• [TASK]: Your answer should hold exactly the lines below from the line with "Kate Hudson in" through the line with "Building Photo - Remodeled", both included, and no pictures at all.

• [RECORDED DATA]:
——
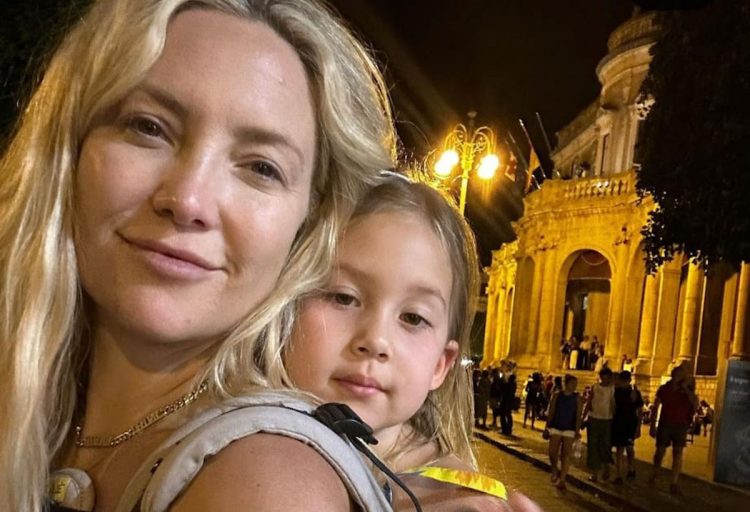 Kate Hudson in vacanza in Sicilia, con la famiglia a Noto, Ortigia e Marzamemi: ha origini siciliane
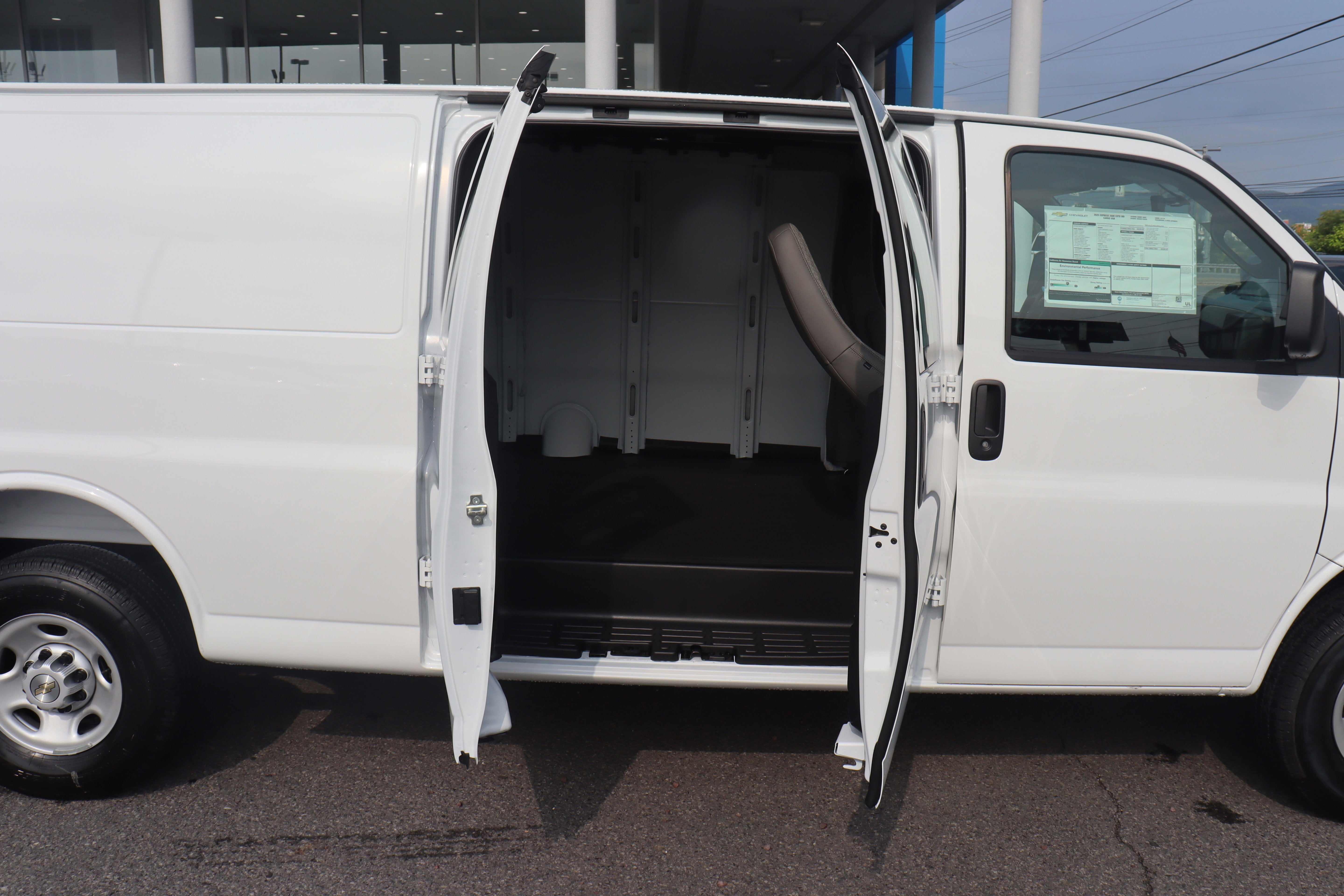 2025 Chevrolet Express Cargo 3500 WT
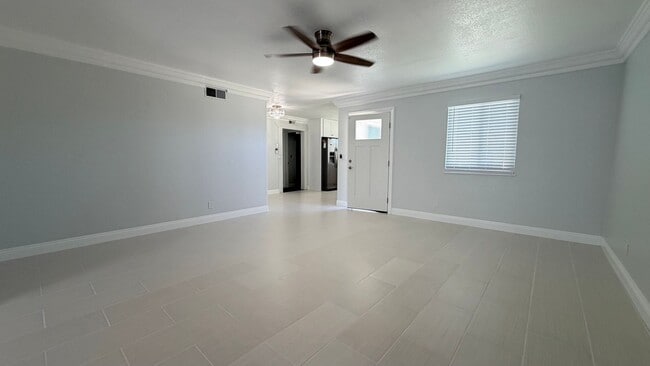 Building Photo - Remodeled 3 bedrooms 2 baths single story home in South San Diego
——
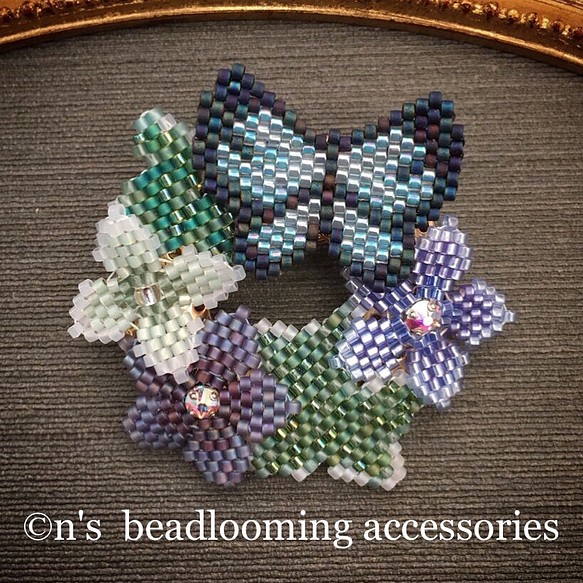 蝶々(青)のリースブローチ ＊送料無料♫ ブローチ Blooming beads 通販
——
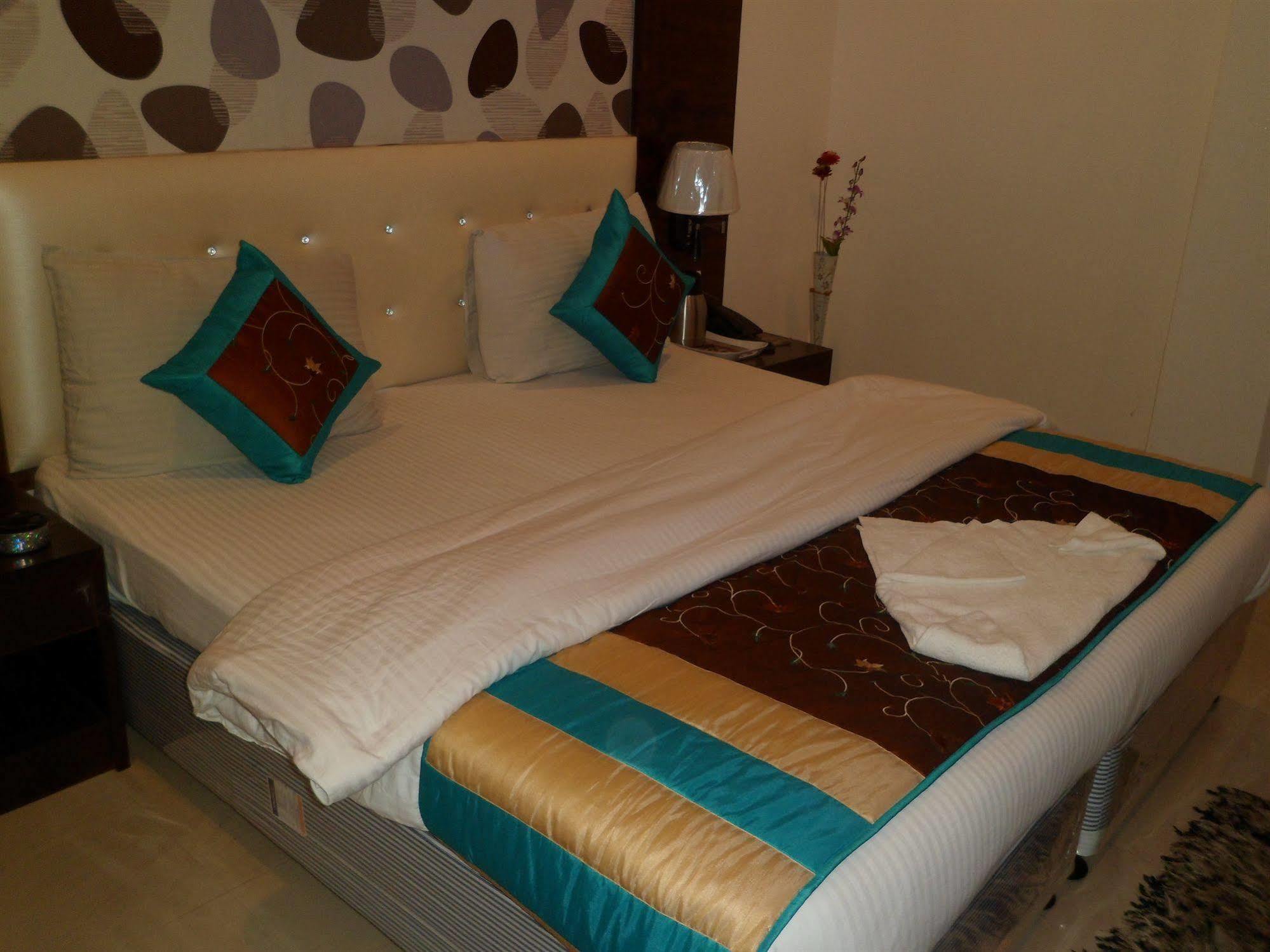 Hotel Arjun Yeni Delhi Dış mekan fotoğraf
——
• [RESULT FOR THIS EXERCISE]:
 Kate Hudson in vacanza in Sicilia, con la famiglia a Noto, Ortigia e Marzamemi: ha origini siciliane
 2025 Chevrolet Express Cargo 3500 WT
 Building Photo - Remodeled 3 bedrooms 2 baths single story home in South San Diego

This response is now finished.